Xiao'erjin is not quite Pinyin

Xiao’erjin (alternatively xiao’erjing¹ 小儿经) is the name of a form of transcription for Mandarin and related languages. Rather than using Cyrillic or Roman letters, the Arabic script is used. China has had a large Muslim population for about as long as there have been Muslims, and it was among those of them who were less likely to have a traditional classical education that the system was used.

The structure is fairly simple. Syllable initial consonants are written with a single Arabic letter. The final then was primarily done with harakat or vowel diacritics. Before Annals of Wu, was blogging on xiao’erjin and Chinese Islam in general on another site, appropriately enough called xiao er jing.

I recently received an email on the topic, which happens from time to time. This time, though, I decided a more public response might have some value.

Here’s the email:

I live in Beijing and want to give a non-Chinese speaking arabic friend a surprise by translating a few words for him in your widget.

Am I right in thinking it is entirely phonetic, so that similar sounding words with the same pinyin will have the same arabic script? Also, which way around should it be read as it comes out of your widget? I ask because when I cut and paste it into Illustrator, it seems to be the mirror image.

The widget in question can be found on the sister site. It’s a quick and dirty conversion tool for converting pinyin to xiao’erjin based on the most widely known forms with some changes of my own to improve legibility² and fidelity to the pinyin. Xiao’erjin also preserves 入声 entering tone syllables, now long gone from Mandarin in any meaningful way. I digress.

Xiao’erjin is in fact phonetic, but it’s not quite an Arabic pinyin. For example the Arabic script lacks a letter for /ŋ/, a sound that is ubiquitous in Mandarin. Xiao’erjin uses the same letter for /n/ as it does /ŋ/. Arabic, on the other hand, often combines ـن /n/ and ـغ which is usually /ɣ/ by itself but, when combined with ن (i.e. ـنغ), it is typically pronounced /ŋ/. Mind you this is only in loan words.
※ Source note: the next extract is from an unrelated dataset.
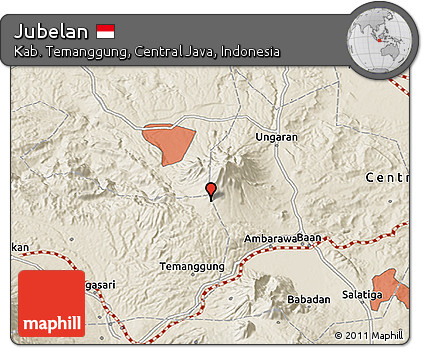 Shaded Relief 3D Map of Jubelan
Also, the equivalents to pinyin x or q are also missing from the Arabic script and language. Xiao’erjin is a historical script intended for a limited audience. It unfortunately doesn’t have much correlation to pinyin, and would probably elicit little reaction from an Arabic speaker beyond confusion.

Before, the system of xiao’erjin was used by members of the Islamic community who were unable or unwilling to read the Sinitic characters. With the spread of computers and the official status of pinyin, I think it’s safe to say that xiao’erjin has been pretty completely wiped out. Long-time readers may recall me mentioning a desire to re-work the system using letters from the Uyghur adaptation of the Arabic script, but this would only be for the sake of intellectual curiosity, and not for any practical purposes.
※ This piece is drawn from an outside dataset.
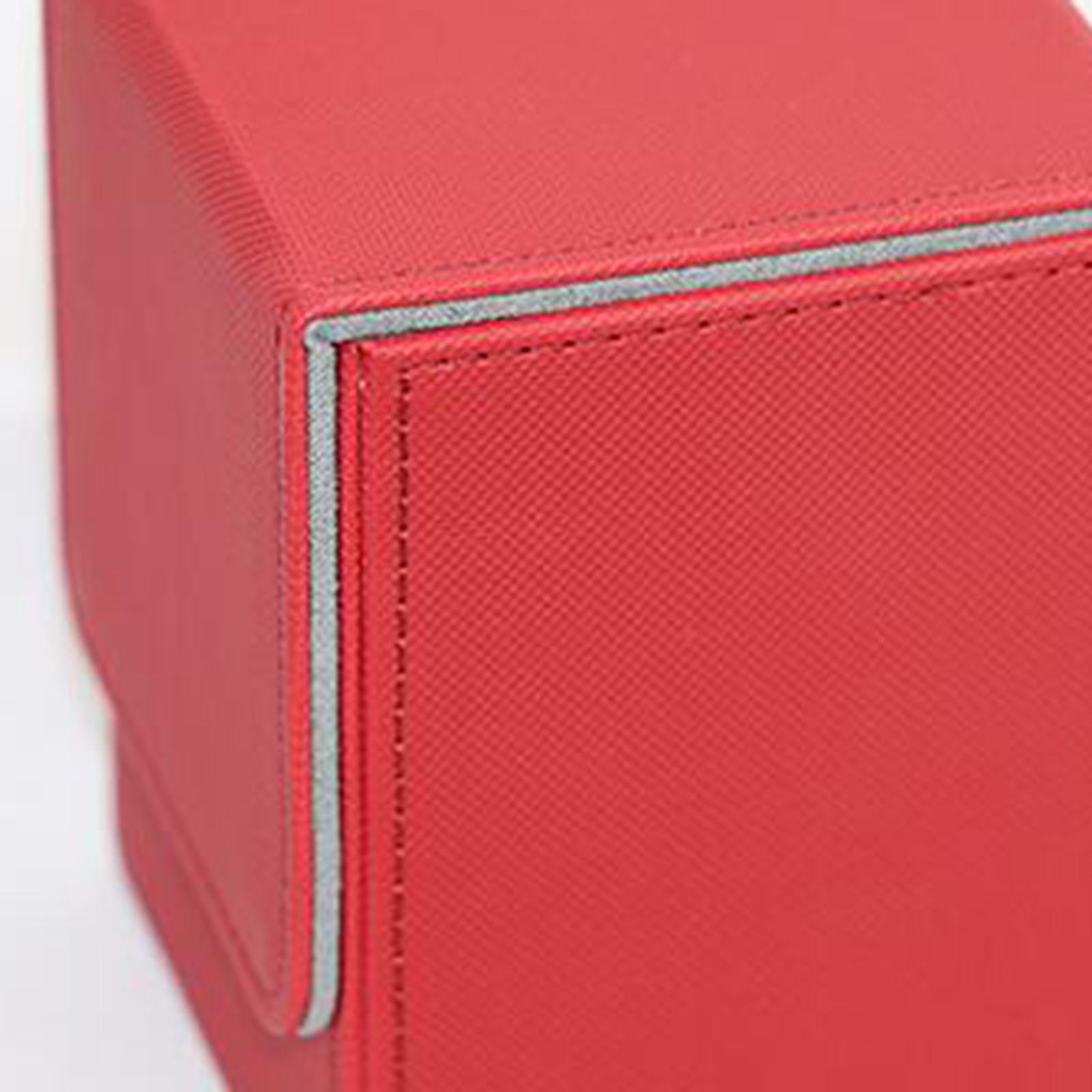 Trading Card Deck Box Organizer Storage Holder Holds 100+ Card for MTG Card Red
I would be curious to know how a Mandarin text book from an Arabic speaking country would look. I imagine any good one would simply use pinyin, but that doesn’t mean they all would. I had a room-mate from Turkey who brought with him a Turkish-Mandarin phrase book in which every Mandarin syllable was transcribed phonetically with the Turkish alphabet. It posed a similar problem of missing phonetic representations as found when trying to adapt one language’s writing to another.

– – –
1. In this case I’m using “xiao’erjin” despite never writing that in Chinese for no other reason than to differentiate from the website of the same name.
2. e.g. X and S may both be written س so to clear things up a bit I moved one over to ص which was mostly un-used. What’s more, a single-dotted س exists in some sources, but isn’t really Unicode-compliant. Meawhile ښ (that’s س with one dot above and one below) and ݭ (two vertical dots above) seemed like overkill and, more importantly, unlikely to display on most computers.

22 responses to “Xiao’erjin is not quite Pinyin”

  1. It’s interesting to me that you went ahead and added little improvements.

  2. Kellen Parker says:

    Because it shows how little social life I actually have?

  3. Jack says:

    Makes you appreciate just how ingenious the pinyin system is. Two totally different languages (more I guess, since it applies at least to all Latin script languages) brought to a common meeting point that’s fairly easy to grasp for both. It’s easy to take it for granted now it’s all drawn up and established.

  4. Kellen says:

    I actually detest pinyin. To me it’s a necessary evil. It’s still better than a lot of the alternatives, but it still kinda sucks.

    Ah well.

  5. No, because you didn’t think of it as “officially fixed”.

  6. Jack says:

    I certainly wouldn’t consider myself as having anything near an advanced knowledge of Chinese, but I haven’t had any serious problems using pinyin. What do you think are the major issues with it?

  7. Kellen Parker says:

    Randy: Ah. Well, it’s not standard, and it has problems, so I fix away.

    Jack: It’s internally contradicting. -ui is -wei. It’s one more layer of shit for the learner to learn. IPA /y/ is sometimes ü and sometimes u. Yan and yang have totally different vowel sounds while lin and ling don’t*. The only thing particularly r-like about pinyin r also exists in zh/ch and sh. I got more. I’m also a fan of Italian style vowels where o sounds like /o/ and u sounds like /u/. Meanwhile o is /ɔ/ and ou is /o/. And what’s up with only one letter having a diacritic? Was y** hungover from too much baijiu on the day they assigned roles?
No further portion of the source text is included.